La vie à l’école doit se distinguer
de l’école de la vie
La grande confusion que semble colporter, à tort ou à raison, la position des grands pourfendeurs de l’approche communicative, est de tout confondre et ce, à tous les niveaux. Non seulement on semble considérer la langue comme une unité interne et externe, ce qui est loin de correspondre à la réalité, mais on ne distingue pas non plus entre les univers quant à leur adéquation à telle ou telle autre activité. S’il est une chose que notre état d’immigrant au Québec nous a enseignée par rapport à notre profession, c’est que ce n’est pas à l’école que nous irons apprendre à comprendre une pièce de Michel Tremblay ou une prestation d’Yvon Deschamps. Ce n’est pas non plus à l’école que nous irons apprendre à comprendre une parade humoristique de Patrick Huard, de Daniel Lemire ou d’André-Philippe Gagnon. C’est encore moins à l’école que nous irons apprendre à converser avec le caissier du magasin d’alimentation Métro ou la garagiste qui vient de débarquer de son Shawinigan natal. Toutes ces activités, nous les réussissons au fur et à mesure de notre intégration dans la société québécoise. Nous les réussissons donc grâce à ce que nous appellerons l’école de notre vie au Québec.
Par contre, apprendre à parler français de façon à pouvoir un jour prendre la parole dans l’une des institutions internationales sans que l’on ait besoin de traduire nos propos à d’autres francophones, c’est essentiellement à l’école que nous allons le faire.

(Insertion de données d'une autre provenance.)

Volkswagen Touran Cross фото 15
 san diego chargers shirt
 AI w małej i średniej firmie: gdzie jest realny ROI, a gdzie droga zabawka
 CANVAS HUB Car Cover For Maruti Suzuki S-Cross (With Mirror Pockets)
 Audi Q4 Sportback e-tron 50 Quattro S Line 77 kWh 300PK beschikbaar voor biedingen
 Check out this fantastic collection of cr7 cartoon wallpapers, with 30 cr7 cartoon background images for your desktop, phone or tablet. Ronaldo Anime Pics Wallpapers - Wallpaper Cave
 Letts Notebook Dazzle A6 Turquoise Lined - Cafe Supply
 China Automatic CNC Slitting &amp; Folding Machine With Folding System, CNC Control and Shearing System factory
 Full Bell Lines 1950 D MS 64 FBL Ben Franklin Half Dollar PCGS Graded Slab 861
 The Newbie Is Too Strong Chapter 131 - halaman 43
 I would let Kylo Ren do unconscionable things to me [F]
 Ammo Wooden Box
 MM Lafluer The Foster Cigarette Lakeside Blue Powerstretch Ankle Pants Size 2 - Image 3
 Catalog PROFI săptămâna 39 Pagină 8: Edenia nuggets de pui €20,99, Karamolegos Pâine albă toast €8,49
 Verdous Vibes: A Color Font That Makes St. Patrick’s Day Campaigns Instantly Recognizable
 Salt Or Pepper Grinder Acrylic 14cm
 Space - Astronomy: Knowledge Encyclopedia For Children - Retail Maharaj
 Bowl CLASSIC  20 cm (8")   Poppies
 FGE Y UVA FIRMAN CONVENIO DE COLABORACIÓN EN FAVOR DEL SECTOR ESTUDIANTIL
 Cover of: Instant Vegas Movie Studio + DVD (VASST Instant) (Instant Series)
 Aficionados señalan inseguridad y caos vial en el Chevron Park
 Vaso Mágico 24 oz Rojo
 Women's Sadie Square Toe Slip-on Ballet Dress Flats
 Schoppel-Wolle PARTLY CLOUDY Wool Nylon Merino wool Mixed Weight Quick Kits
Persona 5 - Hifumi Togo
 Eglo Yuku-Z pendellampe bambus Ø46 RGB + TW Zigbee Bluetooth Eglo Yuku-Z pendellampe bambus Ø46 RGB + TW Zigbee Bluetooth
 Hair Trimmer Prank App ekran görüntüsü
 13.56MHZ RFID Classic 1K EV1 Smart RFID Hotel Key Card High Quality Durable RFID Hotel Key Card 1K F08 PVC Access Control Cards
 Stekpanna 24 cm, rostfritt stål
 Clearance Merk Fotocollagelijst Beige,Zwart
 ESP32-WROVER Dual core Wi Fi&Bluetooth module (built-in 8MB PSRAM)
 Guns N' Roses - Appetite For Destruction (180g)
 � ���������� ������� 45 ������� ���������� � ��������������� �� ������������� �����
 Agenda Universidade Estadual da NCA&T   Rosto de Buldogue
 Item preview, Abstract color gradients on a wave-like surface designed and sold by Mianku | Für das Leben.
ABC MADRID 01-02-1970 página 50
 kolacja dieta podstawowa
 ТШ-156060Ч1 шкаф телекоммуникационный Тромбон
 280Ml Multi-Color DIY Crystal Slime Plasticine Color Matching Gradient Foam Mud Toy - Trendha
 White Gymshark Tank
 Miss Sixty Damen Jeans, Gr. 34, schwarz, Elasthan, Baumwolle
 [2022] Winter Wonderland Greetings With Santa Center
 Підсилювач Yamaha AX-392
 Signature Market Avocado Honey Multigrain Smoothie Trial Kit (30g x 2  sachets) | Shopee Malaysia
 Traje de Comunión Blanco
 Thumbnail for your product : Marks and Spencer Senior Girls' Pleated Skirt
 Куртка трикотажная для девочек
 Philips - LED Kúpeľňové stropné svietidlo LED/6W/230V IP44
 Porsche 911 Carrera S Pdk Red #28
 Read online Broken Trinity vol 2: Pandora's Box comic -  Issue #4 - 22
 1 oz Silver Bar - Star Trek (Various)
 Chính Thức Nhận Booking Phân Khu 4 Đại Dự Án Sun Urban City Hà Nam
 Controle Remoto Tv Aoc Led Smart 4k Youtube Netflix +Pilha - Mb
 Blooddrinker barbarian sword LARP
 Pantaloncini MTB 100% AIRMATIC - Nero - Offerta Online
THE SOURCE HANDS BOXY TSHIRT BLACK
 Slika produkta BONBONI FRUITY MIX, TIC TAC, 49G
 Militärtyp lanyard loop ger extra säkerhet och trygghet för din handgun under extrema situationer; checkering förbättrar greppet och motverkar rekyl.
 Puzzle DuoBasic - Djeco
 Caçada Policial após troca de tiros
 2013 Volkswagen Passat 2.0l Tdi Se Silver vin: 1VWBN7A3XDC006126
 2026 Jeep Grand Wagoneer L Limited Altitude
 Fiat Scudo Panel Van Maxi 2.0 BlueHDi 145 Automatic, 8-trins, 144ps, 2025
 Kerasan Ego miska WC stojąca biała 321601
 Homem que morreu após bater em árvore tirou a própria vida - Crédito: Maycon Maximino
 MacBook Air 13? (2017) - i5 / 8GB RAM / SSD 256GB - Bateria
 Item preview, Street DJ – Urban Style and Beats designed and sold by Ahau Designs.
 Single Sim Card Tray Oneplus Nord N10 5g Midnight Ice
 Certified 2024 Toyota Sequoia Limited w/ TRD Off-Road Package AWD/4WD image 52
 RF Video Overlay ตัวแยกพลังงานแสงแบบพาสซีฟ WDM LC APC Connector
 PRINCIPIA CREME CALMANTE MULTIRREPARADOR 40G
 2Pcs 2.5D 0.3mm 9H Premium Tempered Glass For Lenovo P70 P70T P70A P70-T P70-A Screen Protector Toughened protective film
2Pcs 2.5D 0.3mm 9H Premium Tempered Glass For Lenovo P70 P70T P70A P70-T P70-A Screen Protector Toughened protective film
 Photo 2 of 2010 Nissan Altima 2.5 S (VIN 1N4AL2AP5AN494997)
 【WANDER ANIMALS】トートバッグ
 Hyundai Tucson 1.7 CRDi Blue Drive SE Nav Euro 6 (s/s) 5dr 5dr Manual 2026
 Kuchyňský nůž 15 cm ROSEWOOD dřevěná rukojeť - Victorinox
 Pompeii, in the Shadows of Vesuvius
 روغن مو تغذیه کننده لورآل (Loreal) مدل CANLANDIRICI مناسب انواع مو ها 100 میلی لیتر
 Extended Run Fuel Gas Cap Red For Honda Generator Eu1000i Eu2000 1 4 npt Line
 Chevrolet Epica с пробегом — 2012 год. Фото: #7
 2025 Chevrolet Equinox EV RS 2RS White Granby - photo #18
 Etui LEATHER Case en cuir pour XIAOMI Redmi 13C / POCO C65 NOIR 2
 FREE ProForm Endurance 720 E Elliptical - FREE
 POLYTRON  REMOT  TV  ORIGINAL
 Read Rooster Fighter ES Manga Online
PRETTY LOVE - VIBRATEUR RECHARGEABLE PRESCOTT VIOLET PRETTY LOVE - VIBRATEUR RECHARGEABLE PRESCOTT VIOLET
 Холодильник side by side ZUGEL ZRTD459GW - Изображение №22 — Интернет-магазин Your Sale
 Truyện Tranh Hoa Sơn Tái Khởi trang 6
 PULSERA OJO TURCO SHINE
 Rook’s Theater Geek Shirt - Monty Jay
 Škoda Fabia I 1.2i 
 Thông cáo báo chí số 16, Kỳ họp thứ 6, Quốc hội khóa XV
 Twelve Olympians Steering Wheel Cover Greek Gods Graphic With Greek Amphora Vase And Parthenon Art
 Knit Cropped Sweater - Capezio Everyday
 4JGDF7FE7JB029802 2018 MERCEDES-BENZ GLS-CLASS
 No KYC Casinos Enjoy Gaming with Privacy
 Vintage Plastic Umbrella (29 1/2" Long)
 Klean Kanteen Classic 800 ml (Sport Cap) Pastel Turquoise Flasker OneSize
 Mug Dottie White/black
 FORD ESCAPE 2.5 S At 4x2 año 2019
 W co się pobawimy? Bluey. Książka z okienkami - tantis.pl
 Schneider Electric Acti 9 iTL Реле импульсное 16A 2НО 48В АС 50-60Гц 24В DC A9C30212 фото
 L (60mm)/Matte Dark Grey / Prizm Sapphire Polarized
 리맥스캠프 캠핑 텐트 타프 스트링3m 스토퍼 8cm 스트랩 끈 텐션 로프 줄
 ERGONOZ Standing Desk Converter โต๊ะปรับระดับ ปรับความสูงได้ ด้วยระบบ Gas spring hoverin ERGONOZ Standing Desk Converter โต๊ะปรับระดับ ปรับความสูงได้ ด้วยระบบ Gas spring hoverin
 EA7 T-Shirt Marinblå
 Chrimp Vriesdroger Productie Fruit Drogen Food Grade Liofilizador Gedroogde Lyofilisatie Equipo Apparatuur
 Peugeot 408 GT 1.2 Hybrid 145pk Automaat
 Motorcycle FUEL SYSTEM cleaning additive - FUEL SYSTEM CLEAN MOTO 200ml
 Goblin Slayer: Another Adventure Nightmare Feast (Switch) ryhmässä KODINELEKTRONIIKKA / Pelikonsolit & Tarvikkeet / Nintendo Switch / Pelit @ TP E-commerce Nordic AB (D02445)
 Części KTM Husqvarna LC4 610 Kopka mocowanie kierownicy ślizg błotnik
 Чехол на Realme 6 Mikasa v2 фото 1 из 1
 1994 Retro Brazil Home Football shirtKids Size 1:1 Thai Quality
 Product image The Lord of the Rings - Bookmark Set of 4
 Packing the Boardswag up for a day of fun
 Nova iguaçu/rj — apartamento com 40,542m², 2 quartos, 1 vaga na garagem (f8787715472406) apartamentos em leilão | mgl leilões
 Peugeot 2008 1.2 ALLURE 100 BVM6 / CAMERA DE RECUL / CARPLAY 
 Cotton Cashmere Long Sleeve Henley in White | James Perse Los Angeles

Voilà justement la différence que nous faisons entre l’école (non institutionnelle) de la vie et la vie dans une école, institution académique. Si l’objectif de la première est d’en arriver à une certaine vulgarisation de la culture, l’objectif de la seconde est de parvenir à une forme élitiste de cette même culture. Sans donc vouloir paraître « vieux jeux », nous percevons la nécessité pour nous, en tant que professeurs de langue, d’enseigner la forme la plus idéaliste possible du français, compte tenu du fait que notre rôle se situe dans le noble univers de la vie à l’école. Nous voulons ainsi distinguer entre l’école de la vie où l’intégration se fait, et la vie de l’école où l’élite se forme. En effet, quand on vient à l’école, l’objectif ultime, même s’il reste inavoué, est de faire la différence. Or nous sommes les agents de cette différence, parce que nous sommes des agents institutionnels. De ce point de vue, ce n’est pas à la norme sociale que nous avons à sacrifier, mais bien plutôt à la norme institutionnelle.
Bref, à notre avis, la seule façon d’éviter une « ghettoïsation » des communautés francophones en fonction des espaces où leurs membres apprennent le français, c’est de transcender cette vision si largement répandue de nos jours qui veut que l’on enseigne simplement le français tel que les gens le parlent. En effet, la centration sur l’apprenant ne doit pas être confondue avec la nécessité de reconnaître que le français, comme toutes les langues naturelles, est une réalité à multiples facettes, tant internes qu’externes. Par conséquent, seule une certaine forme normative de la langue que nous enseignons servira de « lingua franca ».